_SUPPLIED INFORMATION_
BEGIN

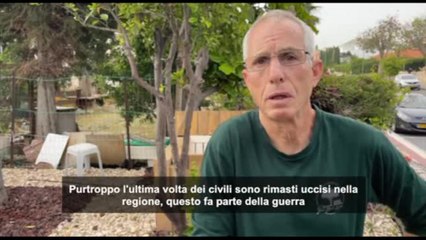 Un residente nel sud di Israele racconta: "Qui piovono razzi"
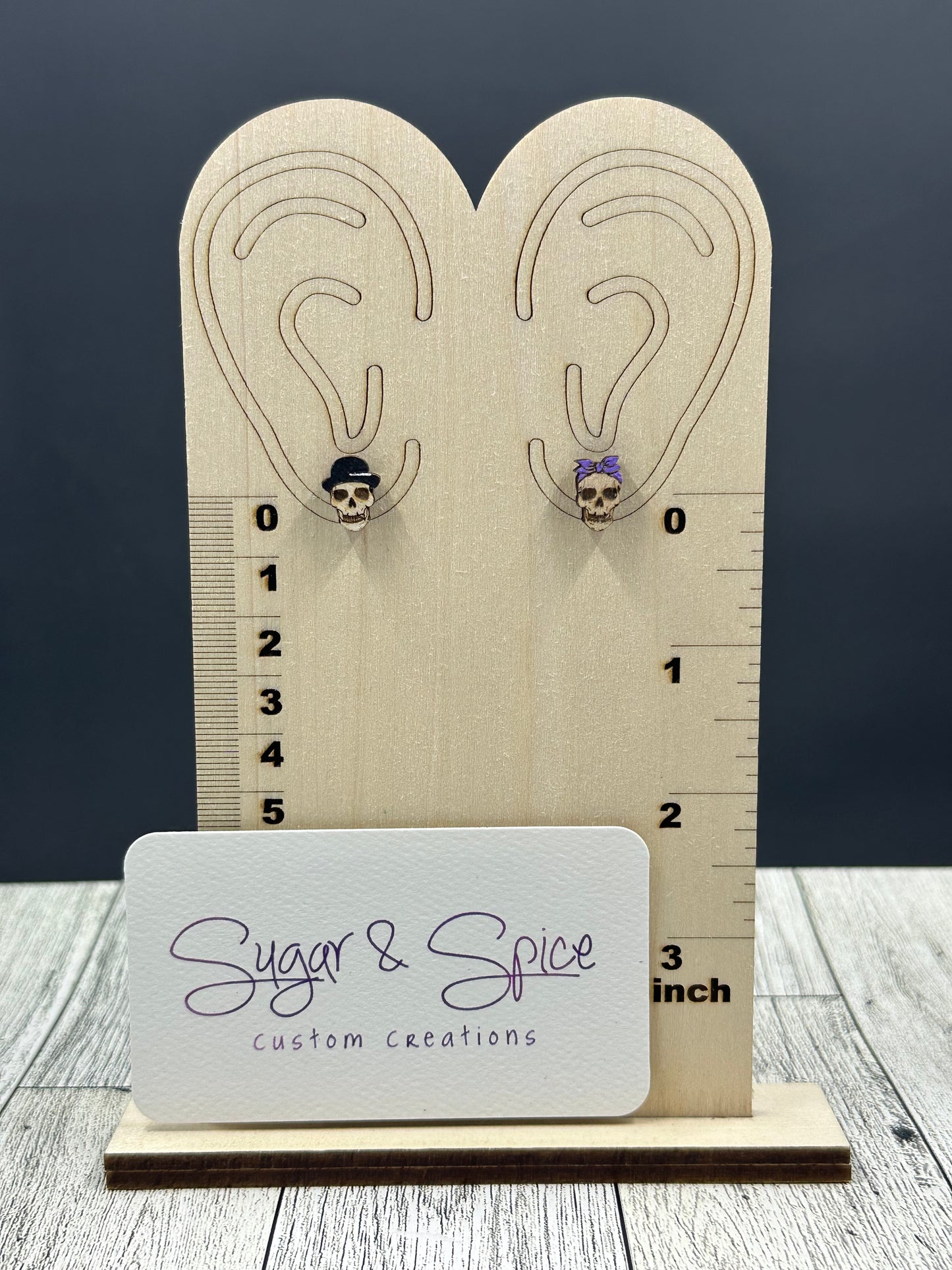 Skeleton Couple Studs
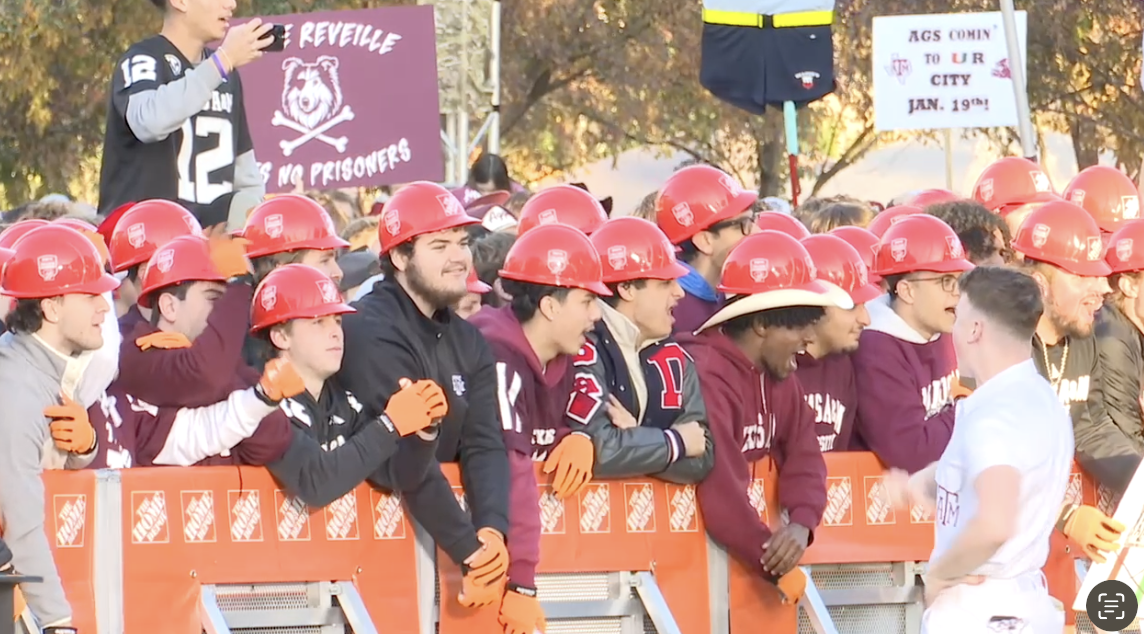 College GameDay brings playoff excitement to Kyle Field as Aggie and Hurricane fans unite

END

_WHAT THE TASK ASKS_
What is needed is an exact restatement of the lines from the line with "Skeleton Couple Studs" through the final line of the data, pictures excluded.

_EXPECTED OUTPUT_
 Skeleton Couple Studs
 College GameDay brings playoff excitement to Kyle Field as Aggie and Hurricane fans unite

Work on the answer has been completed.